Hopefully, you haven’t lost too much sleep on this National Novel Writing Month 2020 adventure.

Or, hopefully you’re not too hard on yourself for wherever your word count is at whenever you are in your personal writing storyline.

Anyone who knows me knows I love me some good character-driven stories, and I’ve, personally, enjoyed responding to the character prompts from this month the most.

However, if you are anything like me, sometimes you can get stuck on just one character.

The main one, usually.

Today, whether you have one character that hold point of view screen time or multiple, choose a side character that we never get to spend time with and explore a side story for them.

What is something from their past that makes up who they are in the present?

How has that event shaped them as a character?

What relevance might it have to the story, even if you never get to physically write it out?

The main character is sometimes only as strong as their supporting cast, so delve into the minds of the people surrounding them, then get write on in to your daily session.

See you tomorrow!

My Response:

When Cochava was younger, she never asked to watch her sister get murdered. She never asked to feel like she was next, or to hide underneath her bed as she shook and waited for the murderer the leave. The murderer she had trusted at one point in her life. A man she could probably give thanks to for being alive. A man she once called father.

She never knew what her mother, her sister, nor her had done to upset her father so. But she’d never forgotten the last look on her sister’s face as her father sliced her neck open. The way their eyes met in a last look of pleading. Cochava wished, still to this day, that she could have done something to save her. It didn’t matter, for regardless of time — even that spent in the Lanniswell Hollow — she did not forget.
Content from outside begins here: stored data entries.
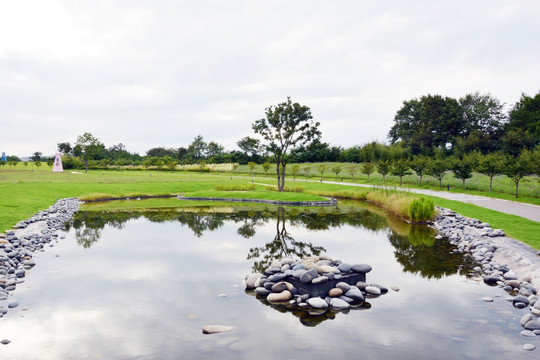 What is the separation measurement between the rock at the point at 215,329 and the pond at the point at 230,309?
0.11 m

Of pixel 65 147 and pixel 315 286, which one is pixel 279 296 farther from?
pixel 65 147

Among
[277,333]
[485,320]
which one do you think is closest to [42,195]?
[277,333]

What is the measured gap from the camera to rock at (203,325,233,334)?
6.27m

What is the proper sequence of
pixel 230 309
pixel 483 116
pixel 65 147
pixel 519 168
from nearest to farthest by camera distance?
1. pixel 230 309
2. pixel 519 168
3. pixel 483 116
4. pixel 65 147

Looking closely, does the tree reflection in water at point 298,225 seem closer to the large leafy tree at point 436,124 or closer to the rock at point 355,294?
the rock at point 355,294

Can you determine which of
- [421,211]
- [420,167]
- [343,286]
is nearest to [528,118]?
[420,167]

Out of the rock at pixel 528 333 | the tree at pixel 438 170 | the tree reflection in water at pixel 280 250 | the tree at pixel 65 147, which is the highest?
the tree at pixel 65 147

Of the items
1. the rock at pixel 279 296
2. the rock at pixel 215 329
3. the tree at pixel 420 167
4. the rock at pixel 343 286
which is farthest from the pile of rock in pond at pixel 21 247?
the tree at pixel 420 167

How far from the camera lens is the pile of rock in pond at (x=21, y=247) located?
8234 millimetres

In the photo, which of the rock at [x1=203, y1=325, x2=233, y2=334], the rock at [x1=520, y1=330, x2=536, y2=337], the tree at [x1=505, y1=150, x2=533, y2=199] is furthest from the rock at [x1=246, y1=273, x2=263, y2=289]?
the tree at [x1=505, y1=150, x2=533, y2=199]

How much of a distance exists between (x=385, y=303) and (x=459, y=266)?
396 centimetres

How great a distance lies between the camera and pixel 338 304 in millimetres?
7527

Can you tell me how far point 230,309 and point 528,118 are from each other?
58572 mm

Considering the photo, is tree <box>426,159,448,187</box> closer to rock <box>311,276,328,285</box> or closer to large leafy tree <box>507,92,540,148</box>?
large leafy tree <box>507,92,540,148</box> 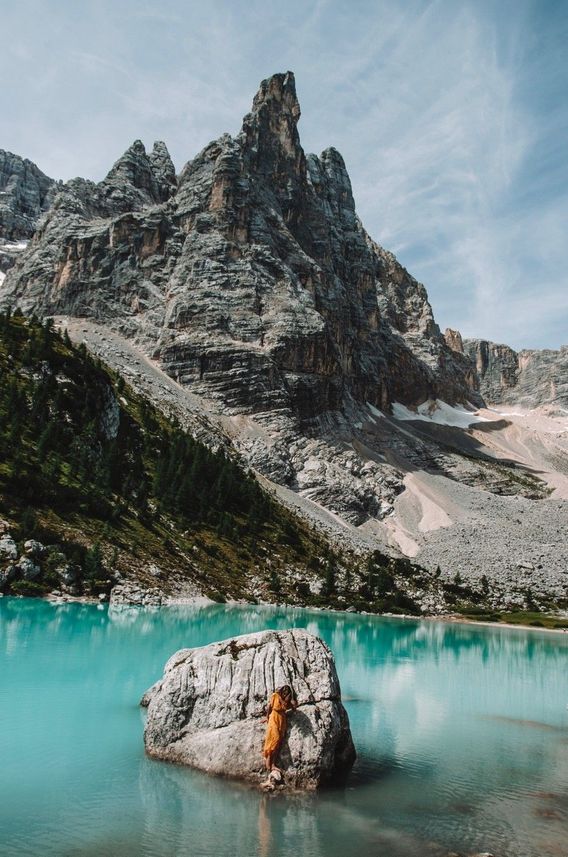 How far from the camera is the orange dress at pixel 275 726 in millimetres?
14039

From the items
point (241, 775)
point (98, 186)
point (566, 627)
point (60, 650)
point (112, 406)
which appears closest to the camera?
point (241, 775)

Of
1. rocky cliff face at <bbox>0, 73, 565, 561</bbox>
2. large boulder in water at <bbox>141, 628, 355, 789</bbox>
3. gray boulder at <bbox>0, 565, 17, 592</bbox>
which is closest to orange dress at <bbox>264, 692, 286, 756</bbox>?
large boulder in water at <bbox>141, 628, 355, 789</bbox>

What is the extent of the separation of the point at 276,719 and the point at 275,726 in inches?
5.8

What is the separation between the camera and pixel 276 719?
14289 mm

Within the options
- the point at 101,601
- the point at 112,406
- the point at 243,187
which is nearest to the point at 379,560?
the point at 112,406

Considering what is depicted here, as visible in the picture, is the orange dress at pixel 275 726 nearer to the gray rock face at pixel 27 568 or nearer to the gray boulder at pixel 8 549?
the gray rock face at pixel 27 568

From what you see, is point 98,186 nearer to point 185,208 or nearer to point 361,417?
point 185,208

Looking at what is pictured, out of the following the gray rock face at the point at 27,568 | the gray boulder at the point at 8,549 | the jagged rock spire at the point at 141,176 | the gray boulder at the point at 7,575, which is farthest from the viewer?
the jagged rock spire at the point at 141,176

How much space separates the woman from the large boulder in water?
236 mm

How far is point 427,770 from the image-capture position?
16531 millimetres

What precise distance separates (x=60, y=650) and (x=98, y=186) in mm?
182886

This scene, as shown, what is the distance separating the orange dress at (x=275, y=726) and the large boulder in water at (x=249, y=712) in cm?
35

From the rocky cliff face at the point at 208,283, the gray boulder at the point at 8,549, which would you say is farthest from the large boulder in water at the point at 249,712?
the rocky cliff face at the point at 208,283

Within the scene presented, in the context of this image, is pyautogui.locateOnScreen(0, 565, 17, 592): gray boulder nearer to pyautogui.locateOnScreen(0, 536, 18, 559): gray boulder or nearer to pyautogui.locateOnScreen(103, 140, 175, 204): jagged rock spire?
pyautogui.locateOnScreen(0, 536, 18, 559): gray boulder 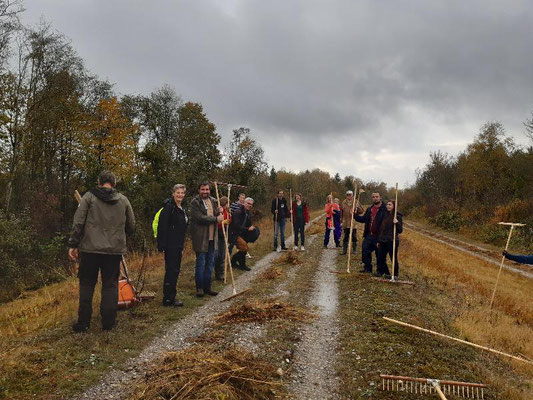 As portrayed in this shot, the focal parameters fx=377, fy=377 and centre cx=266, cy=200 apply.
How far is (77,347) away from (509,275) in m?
20.2

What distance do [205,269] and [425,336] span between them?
4768 mm

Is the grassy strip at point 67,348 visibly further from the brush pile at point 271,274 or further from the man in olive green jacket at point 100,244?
the brush pile at point 271,274

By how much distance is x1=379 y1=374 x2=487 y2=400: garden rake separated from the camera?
439 centimetres

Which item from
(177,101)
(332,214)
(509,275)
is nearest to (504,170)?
(509,275)

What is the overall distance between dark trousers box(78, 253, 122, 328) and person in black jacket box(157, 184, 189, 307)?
150 cm

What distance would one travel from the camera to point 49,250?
63.4 feet

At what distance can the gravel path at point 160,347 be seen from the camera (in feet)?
13.7

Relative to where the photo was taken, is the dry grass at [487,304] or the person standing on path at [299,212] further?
the person standing on path at [299,212]

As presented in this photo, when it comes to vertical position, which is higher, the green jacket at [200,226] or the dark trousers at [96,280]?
the green jacket at [200,226]

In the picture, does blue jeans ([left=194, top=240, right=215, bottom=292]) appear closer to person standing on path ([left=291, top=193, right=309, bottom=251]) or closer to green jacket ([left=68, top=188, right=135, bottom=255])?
green jacket ([left=68, top=188, right=135, bottom=255])

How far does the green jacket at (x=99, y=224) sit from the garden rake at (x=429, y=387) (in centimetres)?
431

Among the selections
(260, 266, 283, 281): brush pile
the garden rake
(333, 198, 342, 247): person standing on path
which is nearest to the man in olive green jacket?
the garden rake

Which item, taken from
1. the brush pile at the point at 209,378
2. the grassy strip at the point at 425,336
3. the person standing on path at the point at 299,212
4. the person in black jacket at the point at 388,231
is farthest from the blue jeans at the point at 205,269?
the person standing on path at the point at 299,212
From that moment forward, she swore she would never trust anyone. Her father had looked at her after he killed her sister, and it seemed as though seeing her crouched underneath her bed forced him to realize what he had done. He let her go, for whatever that meant, and left her, alone and scared, to fend for herself. She was all of nine years old when that happened, and no amount of time passed could change the effect it had on her psyche. She’d never seen her father again after that, but she swore if she ever did, he’d never live to see another day.